Task
All lines in the records below from the line with "Filtro antiparticolato diesel" through the line with "Antique writing table" are to be given again exactly, both ends included; the pictures are to be left out.

Data shown
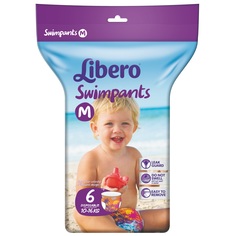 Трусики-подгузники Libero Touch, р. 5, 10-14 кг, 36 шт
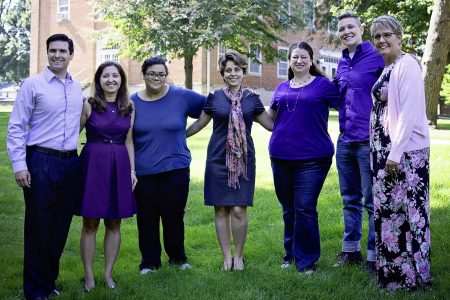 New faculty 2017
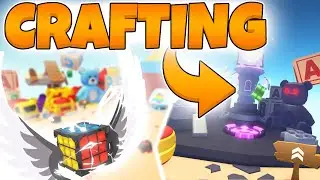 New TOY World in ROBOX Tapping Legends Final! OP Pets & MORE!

==

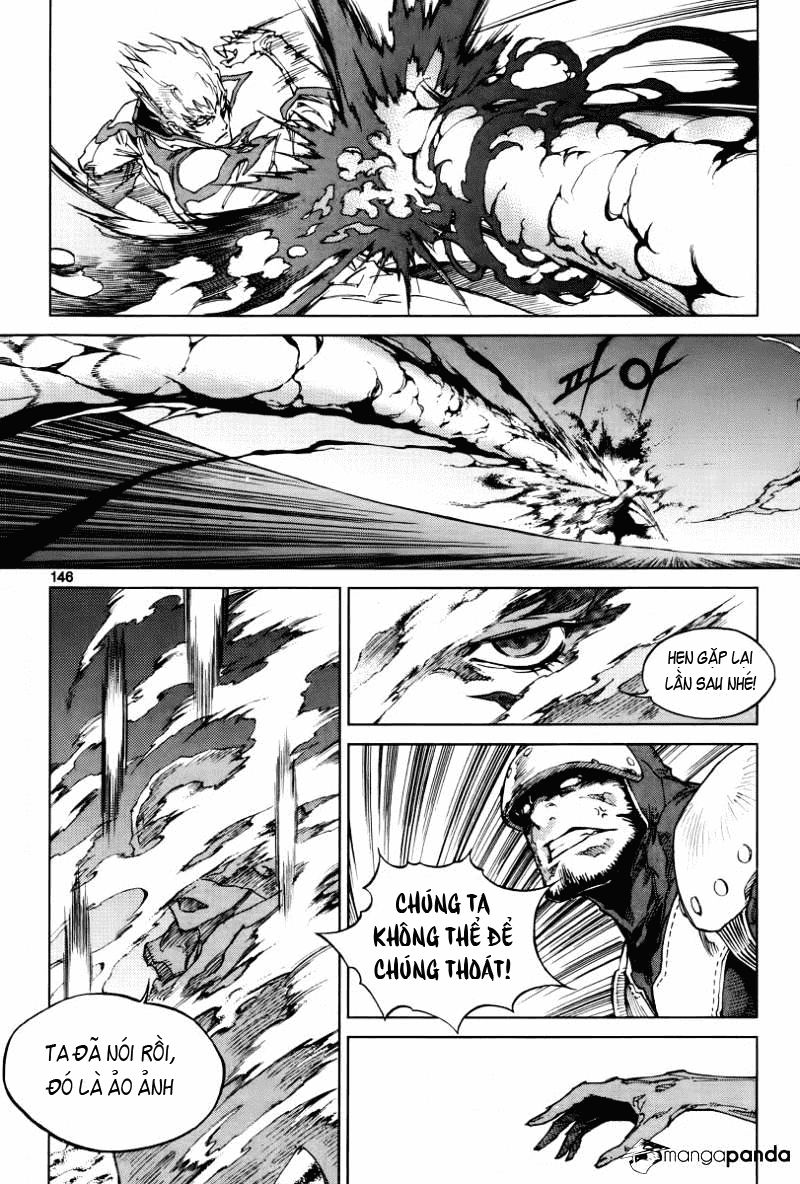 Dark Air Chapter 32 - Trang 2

==

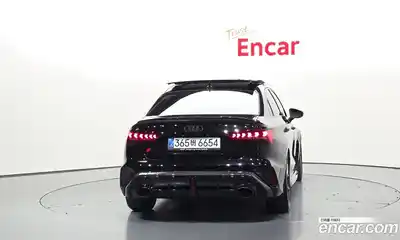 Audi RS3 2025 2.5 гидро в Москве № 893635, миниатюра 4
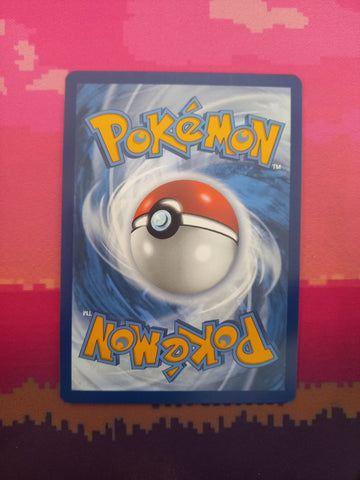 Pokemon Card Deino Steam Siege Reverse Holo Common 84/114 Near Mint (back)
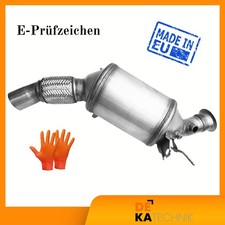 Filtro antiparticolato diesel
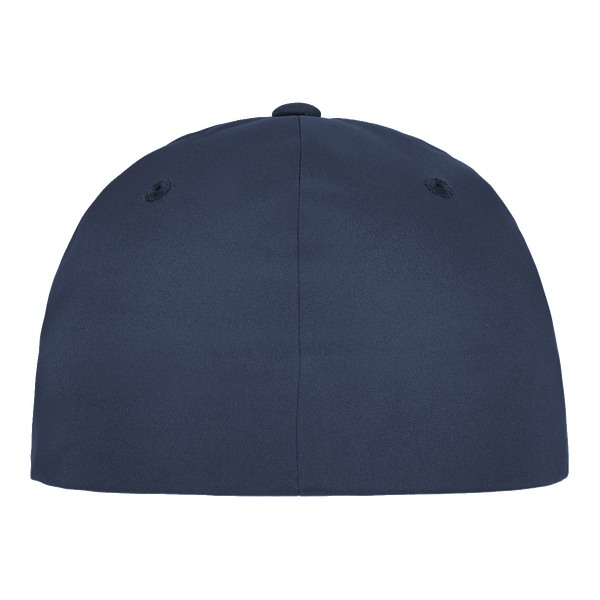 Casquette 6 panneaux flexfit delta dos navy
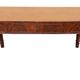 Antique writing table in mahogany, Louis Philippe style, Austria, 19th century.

Solution for this task
 Filtro antiparticolato diesel
 Casquette 6 panneaux flexfit delta dos navy
 Antique writing table in mahogany, Louis Philippe style, Austria, 19th century.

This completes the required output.